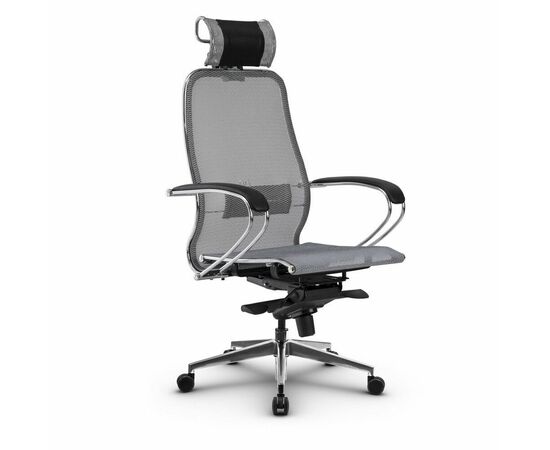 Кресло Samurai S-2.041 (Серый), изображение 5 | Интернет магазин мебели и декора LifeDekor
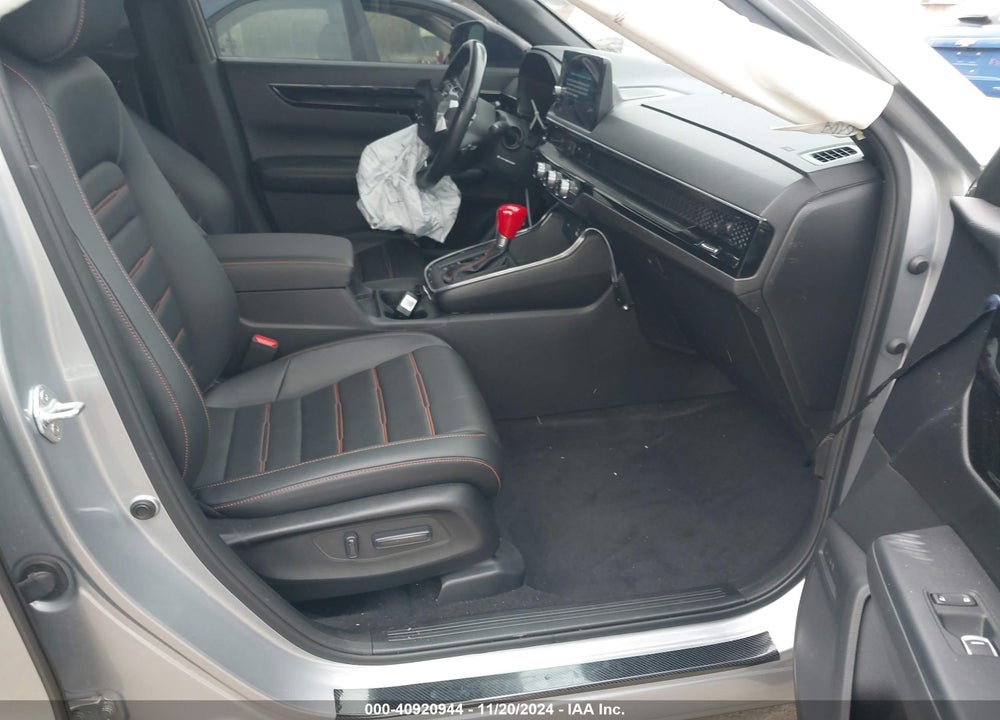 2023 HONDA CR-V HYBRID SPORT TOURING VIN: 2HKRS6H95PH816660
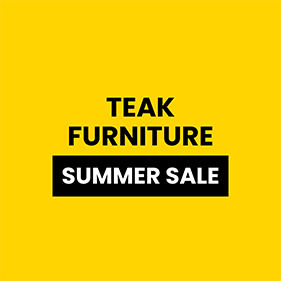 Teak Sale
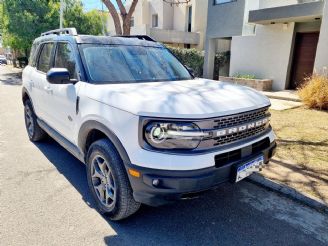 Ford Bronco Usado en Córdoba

● ● ● ● ●

= EXERCISE GOAL =
Could the data above be copied out exactly, with no pictures kept?

= RESULT OF THE EXERCISE =
 Кресло Samurai S-2.041 (Серый), изображение 5 | Интернет магазин мебели и декора LifeDekor
 2023 HONDA CR-V HYBRID SPORT TOURING VIN: 2HKRS6H95PH816660
 Teak Sale
 Ford Bronco Usado en Córdoba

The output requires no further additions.